Aquinnah voters and taxpayers have benefited from changes in town government in the last few years, including a change in professional management in town hall. But the key has been the ability of the three sitting selectmen to act with a clarifying determination that their decisions will be made, and will be seen as, in the interests of all Aquinnah residents — Indian and non-Indian, voter and non-voter, year-rounder and seasonal resident.
It’s a complicated constituency, and a successful selectman needs to understand the complications and the ways these varied constituencies interact, cooperatively sometimes, but antagonistically sometimes as well.
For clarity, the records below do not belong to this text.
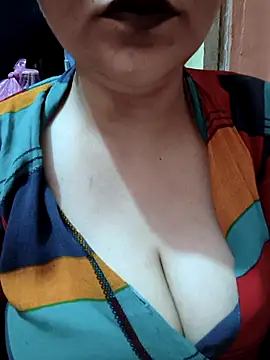 ZOYA KHAN-123 online show from 5, 5, 2026
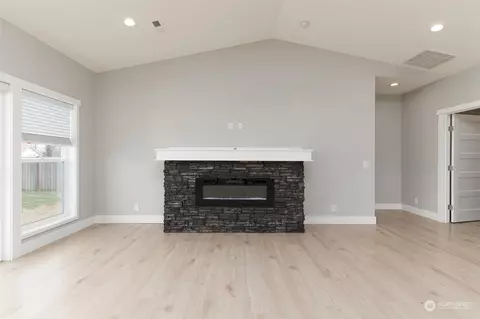 Living - 1102 Falcon Ct, Everson, WA 98247 photo 2 of 2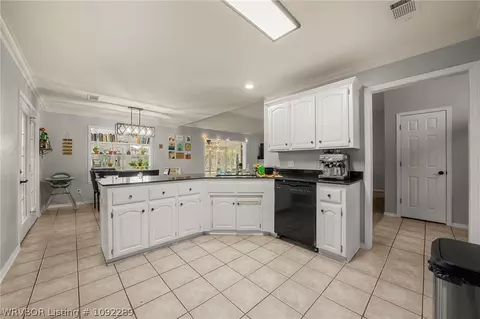 Kitchen - 2006 Devyn Dr, Lavaca, AR 72941 photo 5 of 5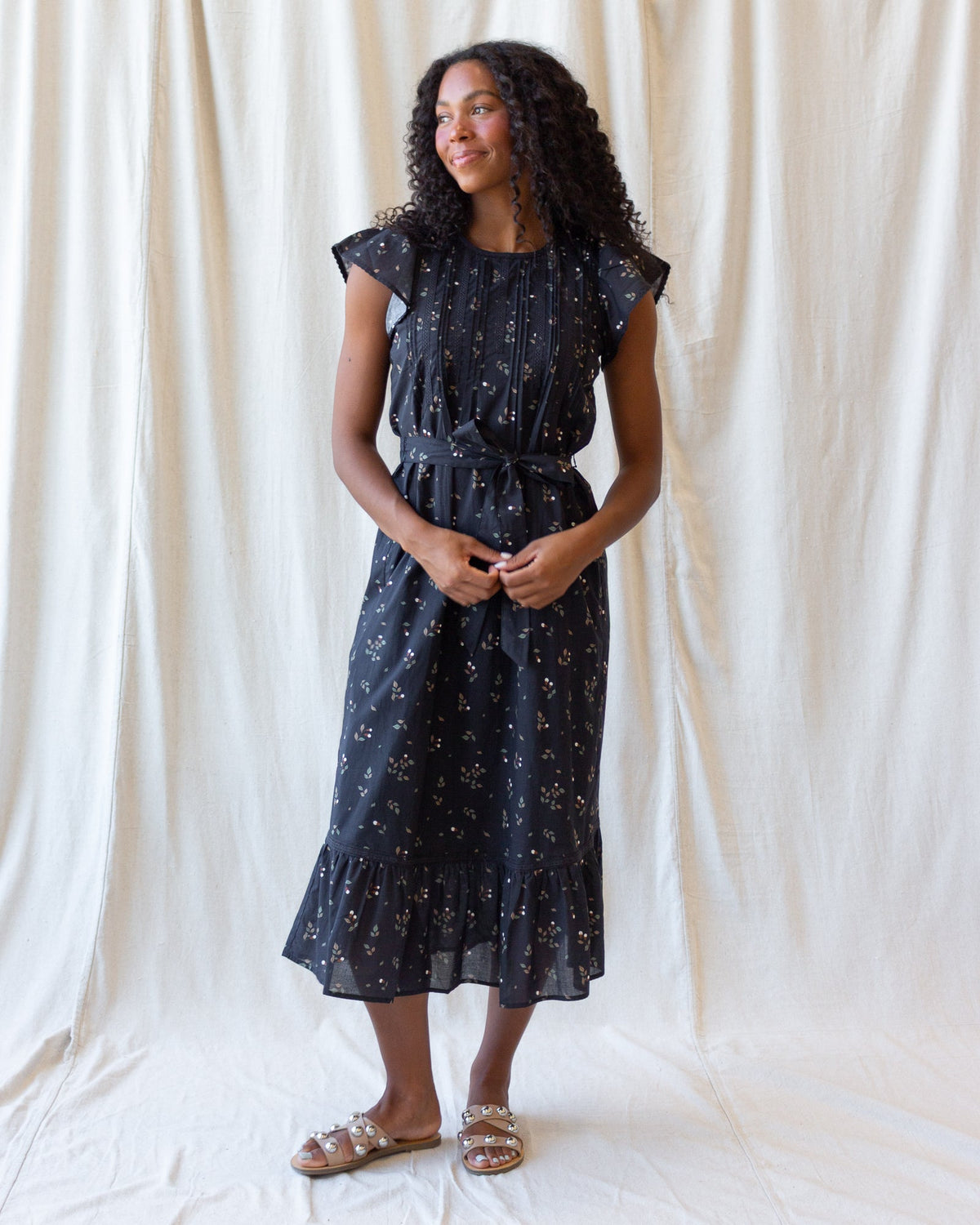 Pretty Pintuck Floral Maxi Dress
Camille Rose, the two-term incumbent who stands for re-election next week, has demonstrated just such an understanding, and the fruits of her leadership have accrued to the benefit of all Aquinnah residents.
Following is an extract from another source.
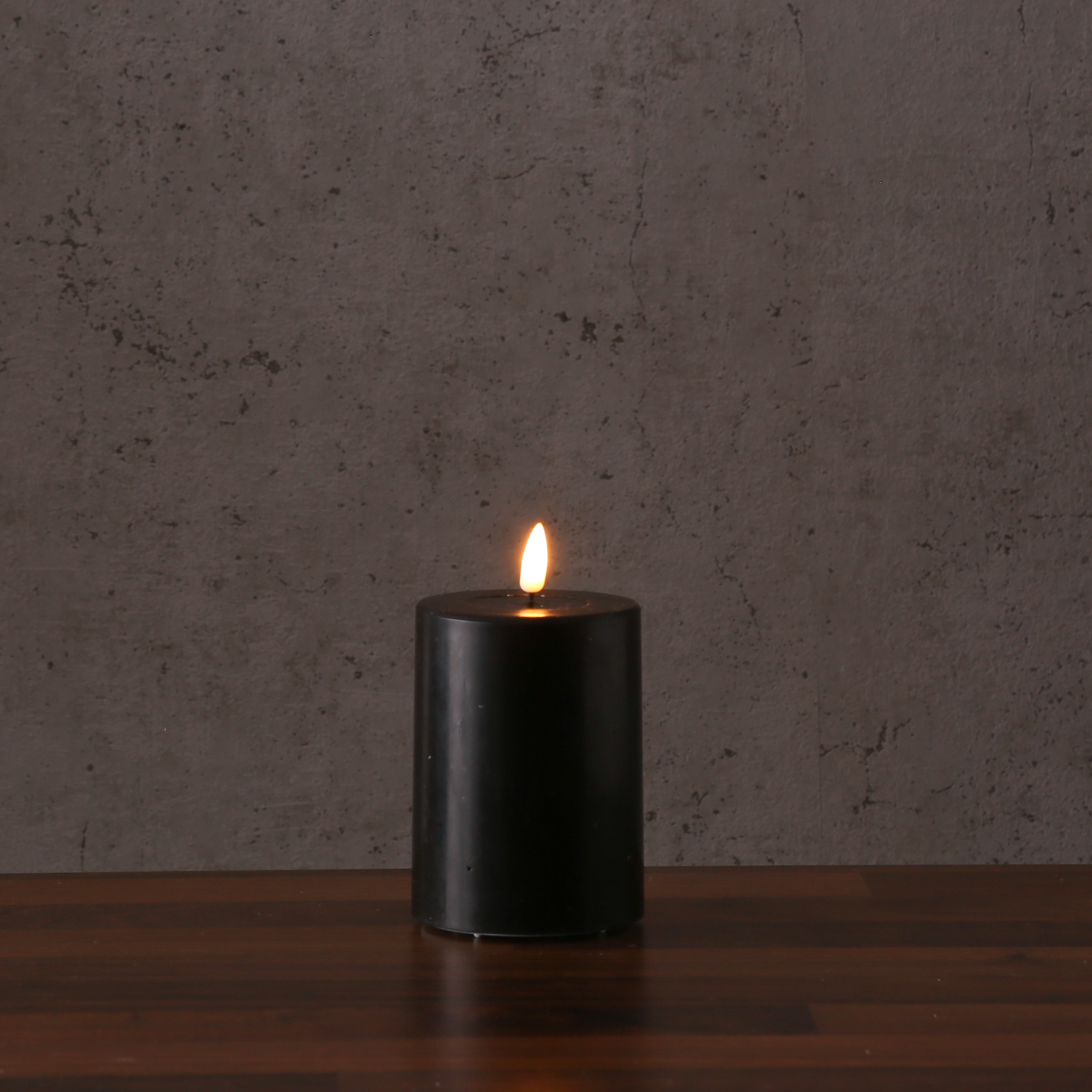 LED Stumpenkerze MIA - Echtwachs - realistische 3D Flamme - H: 10cm - Batteriebetrieb - schwarz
Voters have the composition of the three-member selectmen’s board just right, including Ms. Rose, Jim Newman, and Spencer Booker, a member of the Wampanoag tribe. Mr. Booker, having always in mind his affiliation with the sovereign nation within the town, has demonstrated a fixed understanding of his responsibility to his broad and diverse constituency. Together, the three have acted in ways that apply Aquinnah policies even-handedly, something that would be very bad practice to change.
Ms. Rose is a full-time, all-in Aquinnah resident who has lived and worked in town for 38 years, much of that time as a commercial fisherman. She has a long record as an elected and appointed official. She has served on several boards, including the finance committee, shellfish committee, planning board, Martha’s Vineyard Commission, and several advisory committees over the years. Her knowledge of her town, its people, its issues, and its opportunities is vast.
As she should be, she is proud of what she has accomplished in her two terms as selectman.
“In the six years I have served as selectman,” she told The Times, “there has been a sea change in our town government. We are functioning as an efficient business, our staff works harmoniously and have corrected many improper practices. Our neglected town buildings have been rehabilitated; we finally have a safe emergency shelter in the Old Town Hall with its new kitchen and generator. Through careful fiscal planning we have been able to present a balanced budget without cutting any services and keeping debt to a minimum. I am running for re-election because I would like to help continue this momentum.”
Hers is a commendable record, one which voters will do well to expand by re-electing Ms. Rose. And, Ms. Rose sees clearly the way government ought to work to serve the needs of all townspeople.
“I see no difficulty serving the needs of all of our residents, regardless of affiliation or seasonal status,” she explained. “I believe that individual concerns need to be addressed with equal consideration, and no one is more entitled to privilege than another.”
If there is a more pressing issue facing Aquinnah voters than the inescapable need to keep efficient, evenhanded behavior the hallmark of town government, few voters can name it.
Ms. Rose’s experience, her demonstrated ability, and her crisp and determined fairness should recommend her to voters, as this page does.